Son's 9/11 Death Spurs Parents To Tackle Childhood Mental Illness
The Todd Ouida Children's Foundation turns its attention away from fundraising this year, and launches symposium to provide education about childrens' mental health issues
It's been more than 10 years since Todd Ouida's death on Sept. 11, 2001, and for the past decade his family has hosted a fundraiser near his birthday in memory of his life.
This year, however, Todd's parents have opted to replace the fundraiser with a seminar on childrens' mental health issues.
The Todd Ouida Children's Foundation will host the symposium on Wednesday in conjunction with Montclair State University's Center for Autism and Early Childhood Mental Health (CAECMH), Children's Aid and Family Services and West Bergen Mental Healthcare.
"Every year, close to Todd's birthday, we hold a fundraiser in his name and spirit," Herb Ouida said. "This year, instead of holding a fundraiser we decided to have a service with the goal of educating parents, social workers and teachers working with children who suffer from depression, anxiety, as well as autism."
By moving to the conference, the Ouida's hope to put their energy towards providing a direct service over fundraising.
"Raising money is important but it comes from the fact people want to support what we do," Ouida said. "We're focused on children's mental health because it's something we very much believe in.

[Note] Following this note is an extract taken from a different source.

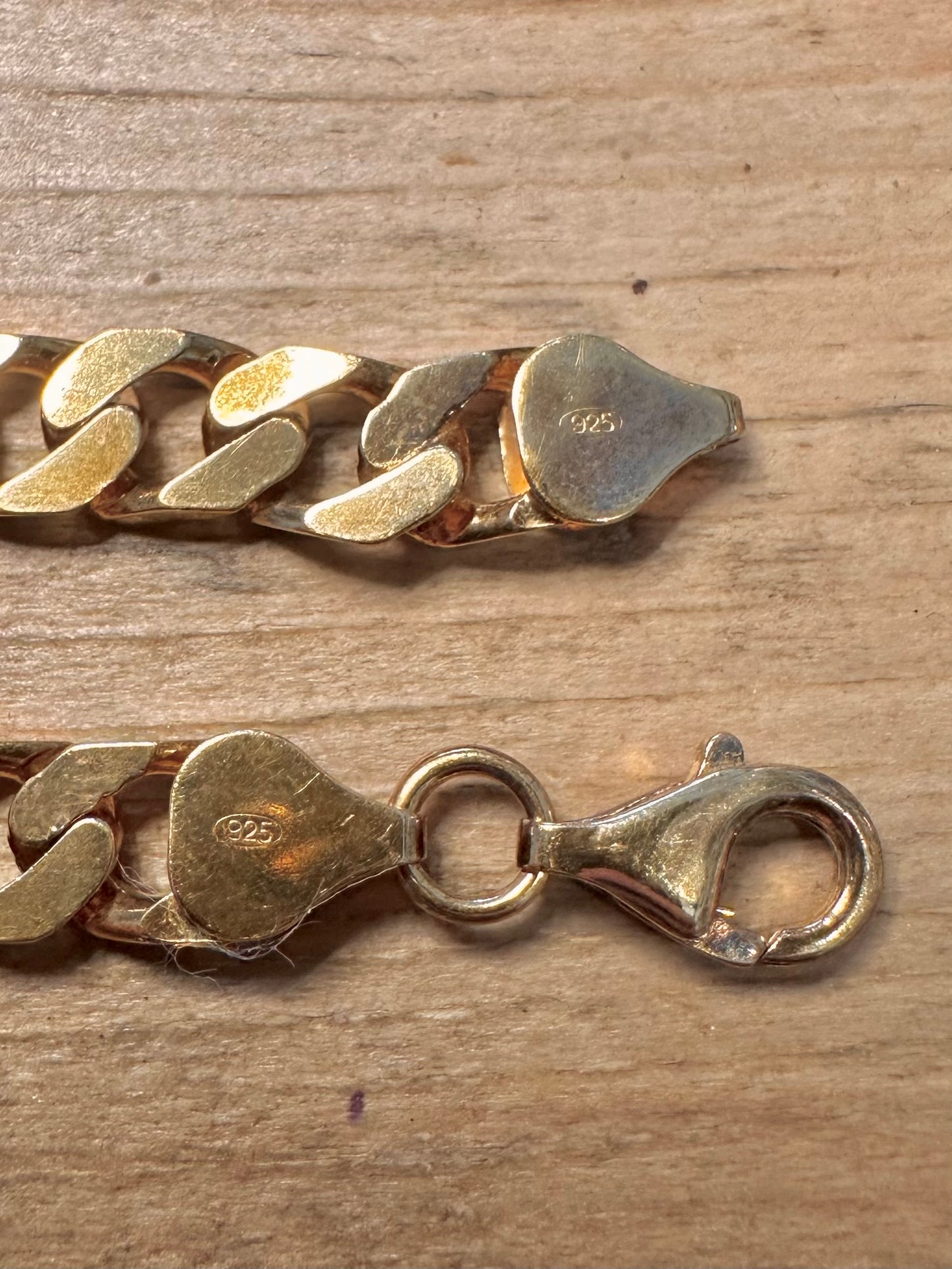 Vintage Curb Chain Gold On 925 Silver 7.9 inch Bracelet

And today with early intervention as a focus, programs such as Zippy's in kindergarten and bringing a focus to those who work in children's mental health from teachers to physicians."
As a child, Todd suffered from anxiety and depression and was unable to attend school from fourth through sixth grade. But with the help of a child psychiatrist, Todd recovered, becoming an honors student at River Dell High School, where he wrestled and played football.

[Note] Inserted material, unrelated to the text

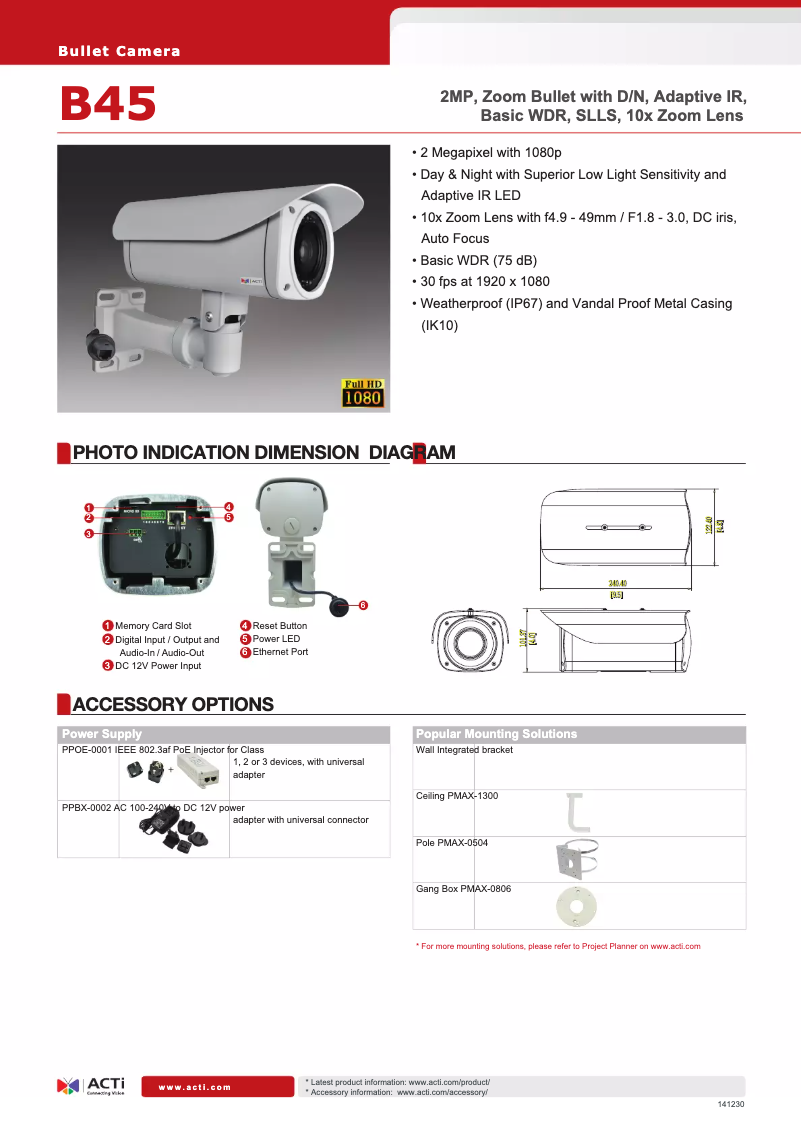 Página 1 del manual Folleto ACTi B45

He attended the University of Michigan, earning a degree in psychology. Upon graduation, he got a job with Cantor Fitzgerald, working on the 105th floor of the World Trade Center's north tower.

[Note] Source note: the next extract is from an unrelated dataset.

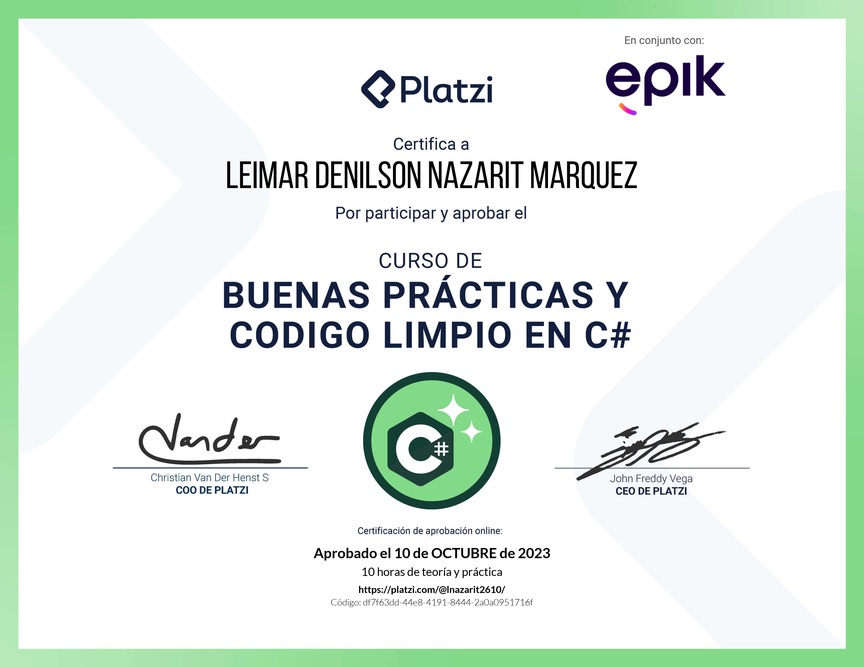 Diploma del Curso de Buenas Prácticas y Código Limpio en C#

"We're providing a service for a targeted audience and I think Todd's story will be an important part of it," Ouida said. "I'll speak about our personal situation, Todd's experiences and how we've turned September 11 into a hopeful experience. Todd recovered and other children can too."
The day-long conference begins with Ouida speaking about how the Todd Ouida Children's Foundation came into existence. Additional speakers include Sesame Street's Bob McGrath, Rev. Darrell L. Armstrong, CAECMH organizers Gerard Costa and Kaitlin Mulcahy, as well as Pat Stanislaski and Sunday Gustin. The conference concludes with a panel discussion.